Work order. All lines from the one that contains "Vải áo dài hoa 3D Vải áo dài hoa 3D" through the close of the entries below are to be repeated exactly, without any pictures.

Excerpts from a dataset
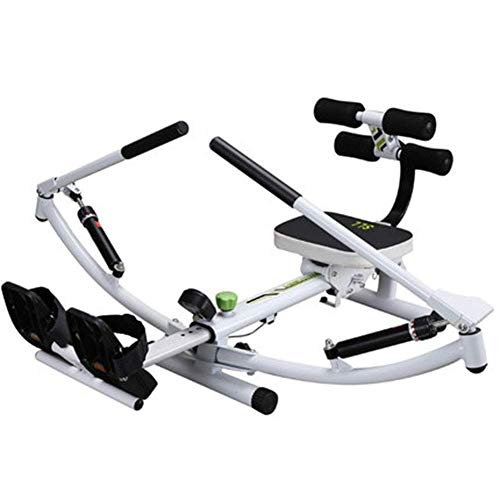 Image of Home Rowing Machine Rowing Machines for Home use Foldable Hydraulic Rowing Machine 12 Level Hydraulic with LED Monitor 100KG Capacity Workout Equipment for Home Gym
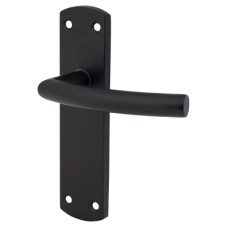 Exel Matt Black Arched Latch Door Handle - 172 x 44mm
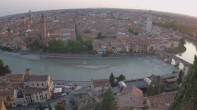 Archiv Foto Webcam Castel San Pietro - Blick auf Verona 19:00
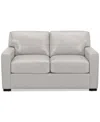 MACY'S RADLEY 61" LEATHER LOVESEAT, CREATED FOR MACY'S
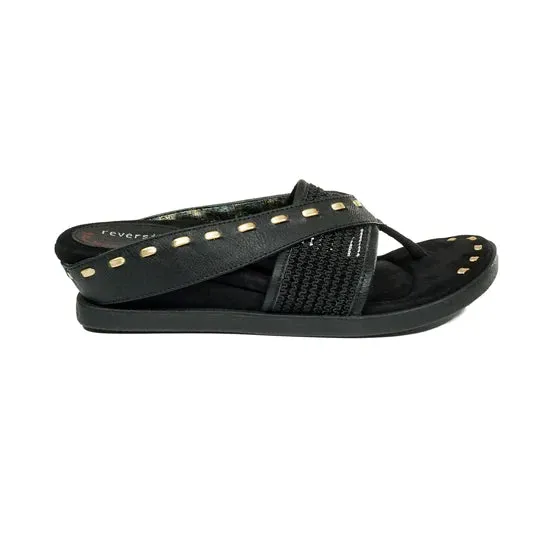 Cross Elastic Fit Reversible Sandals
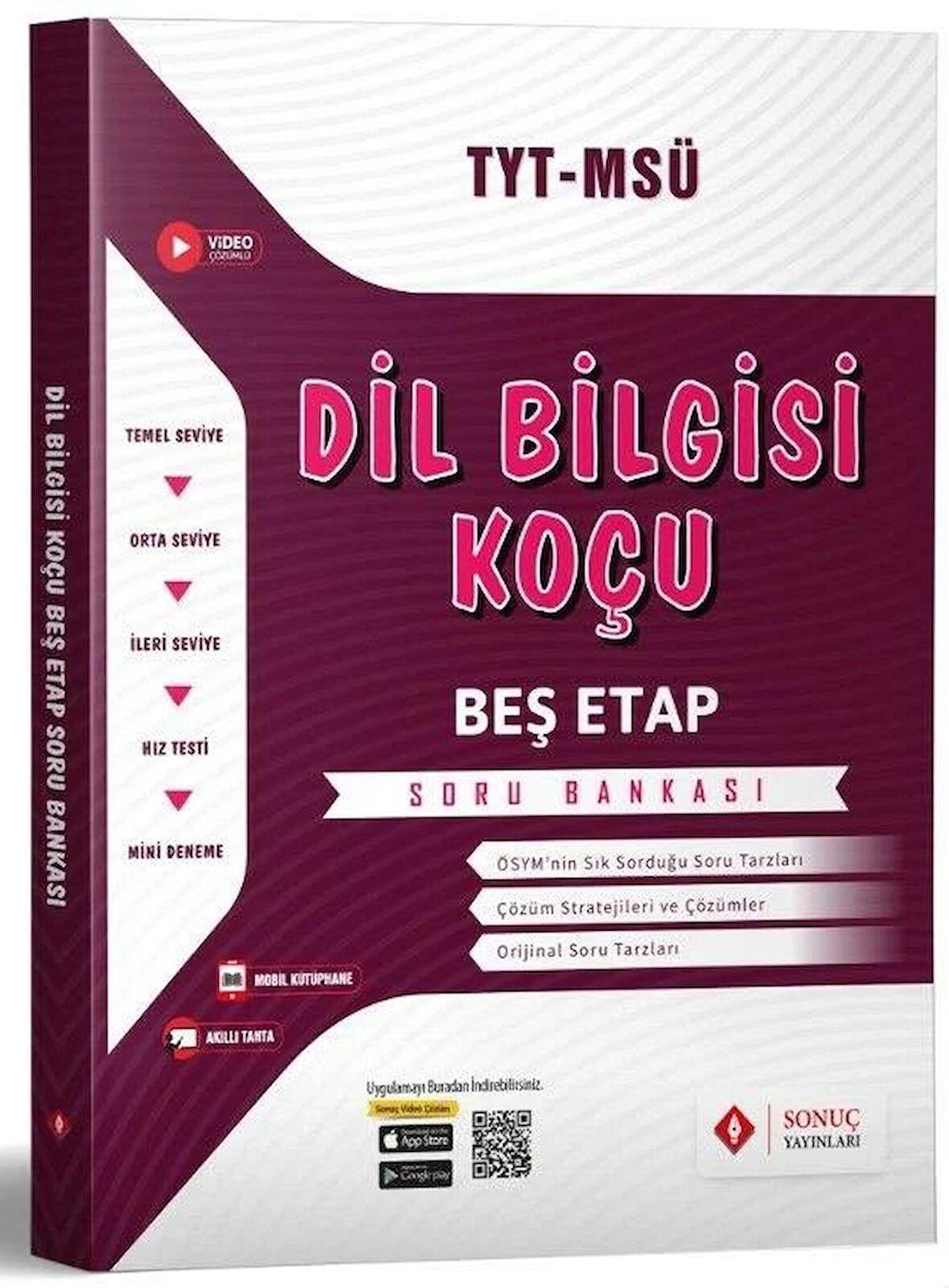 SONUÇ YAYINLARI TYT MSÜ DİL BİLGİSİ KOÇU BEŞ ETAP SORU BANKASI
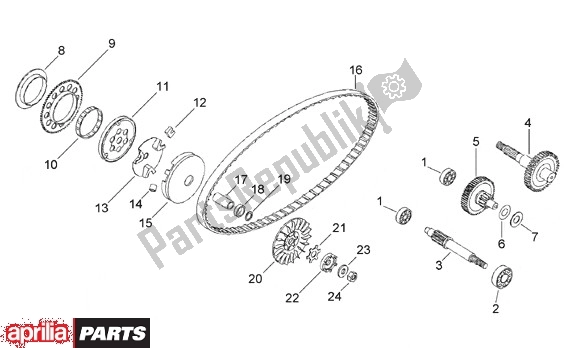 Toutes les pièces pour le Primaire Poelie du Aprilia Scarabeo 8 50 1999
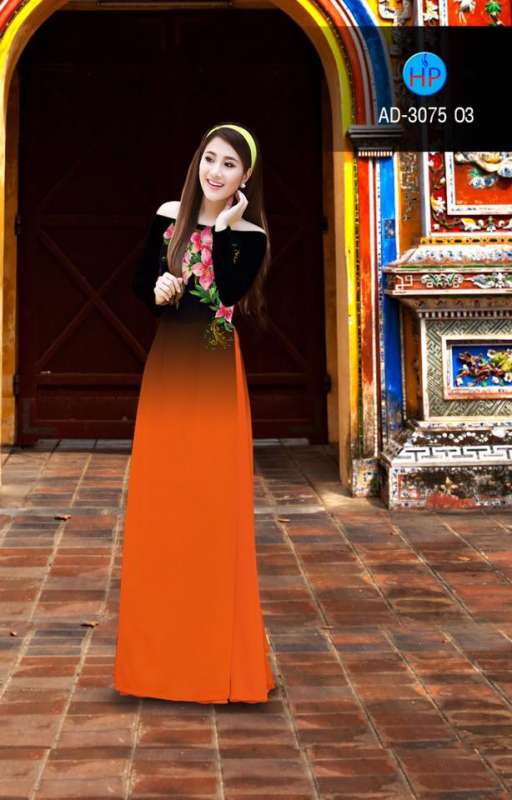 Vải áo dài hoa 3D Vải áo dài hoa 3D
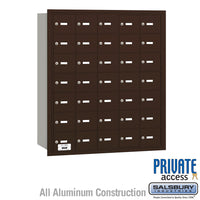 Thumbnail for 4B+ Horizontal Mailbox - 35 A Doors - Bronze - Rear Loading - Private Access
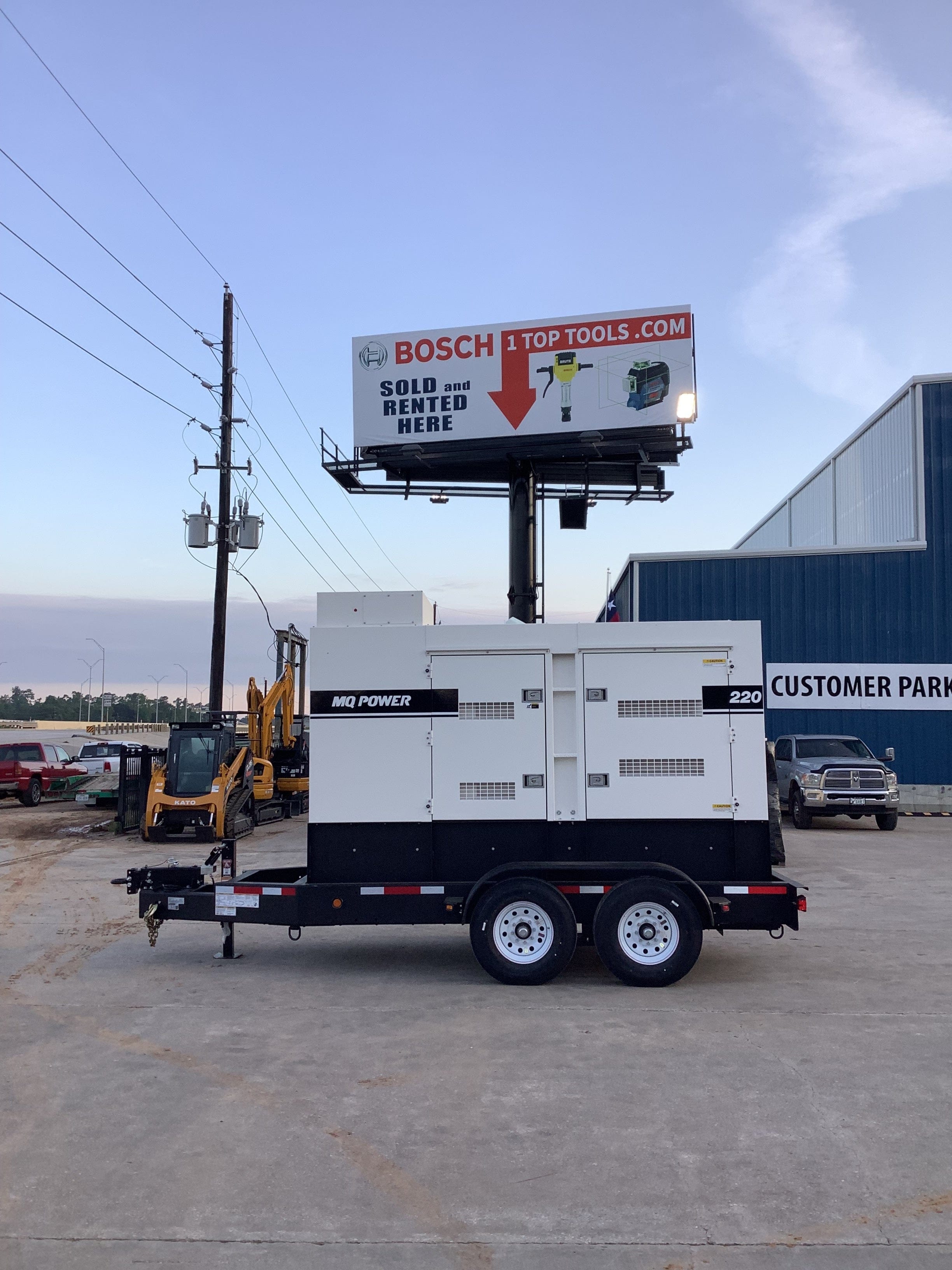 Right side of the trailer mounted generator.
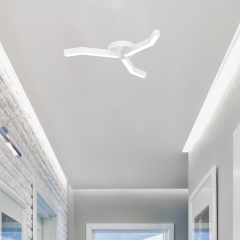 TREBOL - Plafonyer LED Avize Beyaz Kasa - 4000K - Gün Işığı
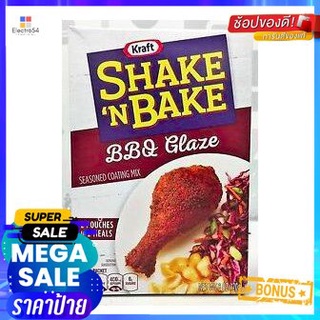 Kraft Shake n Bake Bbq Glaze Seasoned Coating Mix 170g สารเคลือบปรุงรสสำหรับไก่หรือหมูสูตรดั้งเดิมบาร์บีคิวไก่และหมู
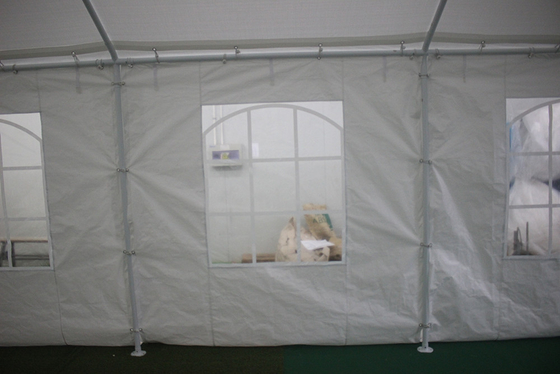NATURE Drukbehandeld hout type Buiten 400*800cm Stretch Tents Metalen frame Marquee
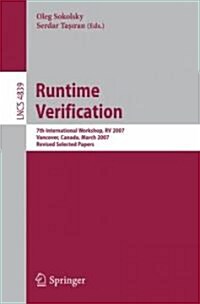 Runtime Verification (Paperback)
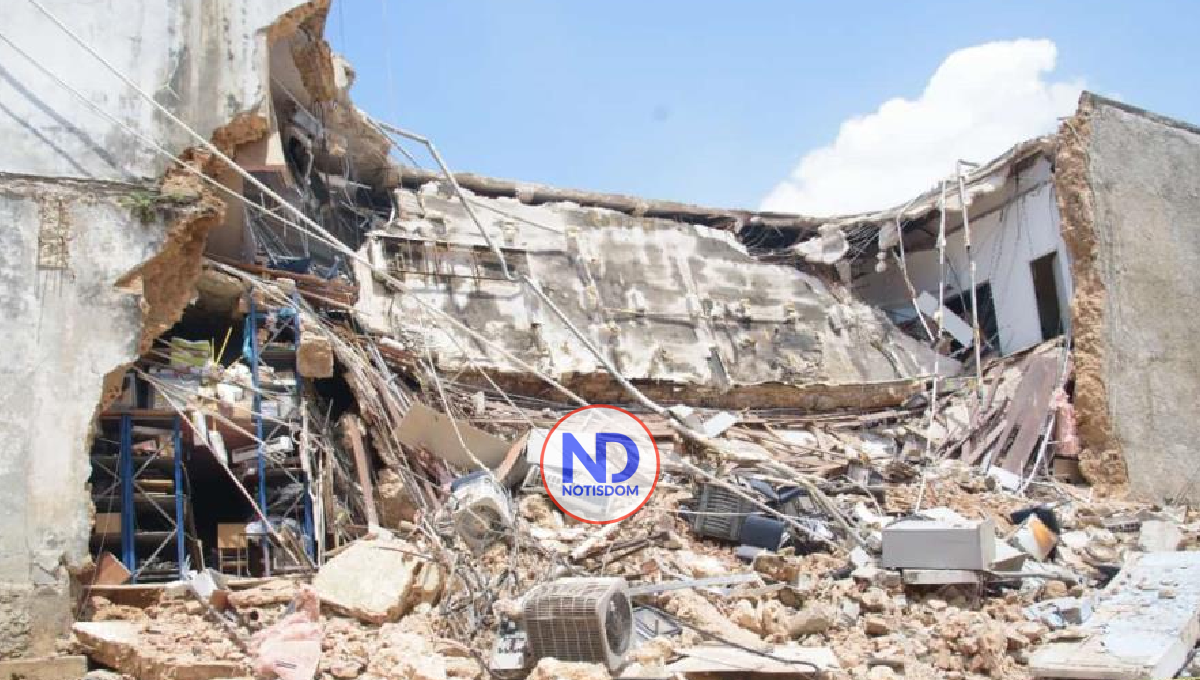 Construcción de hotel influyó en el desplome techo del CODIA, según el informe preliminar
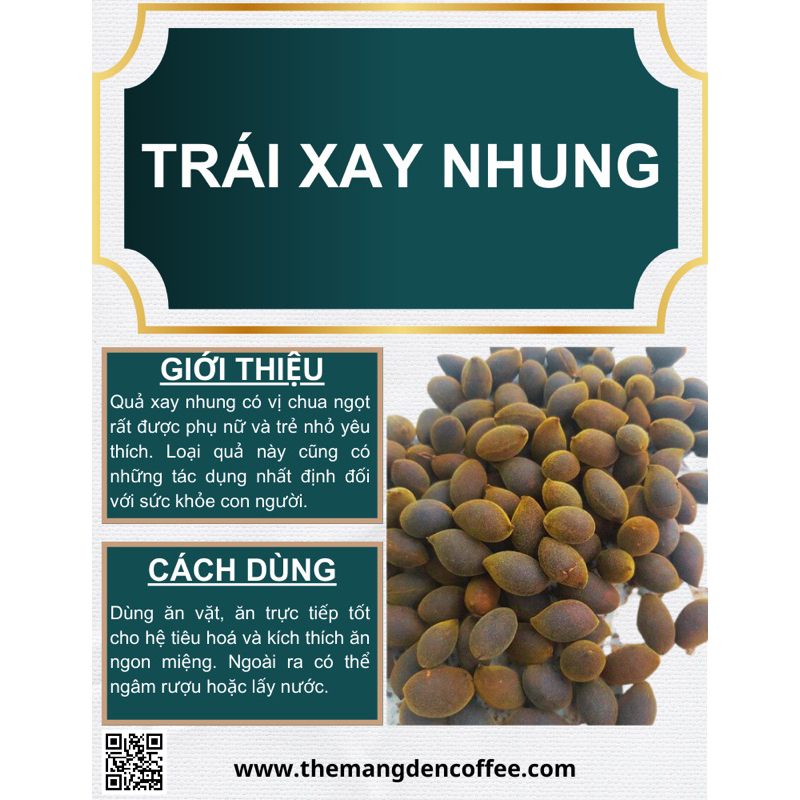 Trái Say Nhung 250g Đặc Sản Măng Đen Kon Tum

Reply.
 Vải áo dài hoa 3D Vải áo dài hoa 3D
 Thumbnail for 4B+ Horizontal Mailbox - 35 A Doors - Bronze - Rear Loading - Private Access
 Right side of the trailer mounted generator.
 TREBOL - Plafonyer LED Avize Beyaz Kasa - 4000K - Gün Işığı
 Kraft Shake n Bake Bbq Glaze Seasoned Coating Mix 170g สารเคลือบปรุงรสสำหรับไก่หรือหมูสูตรดั้งเดิมบาร์บีคิวไก่และหมู
NATURE Drukbehandeld hout type Buiten 400*800cm Stretch Tents Metalen frame Marquee
 Runtime Verification (Paperback)
 Construcción de hotel influyó en el desplome techo del CODIA, según el informe preliminar
 Trái Say Nhung 250g Đặc Sản Măng Đen Kon Tum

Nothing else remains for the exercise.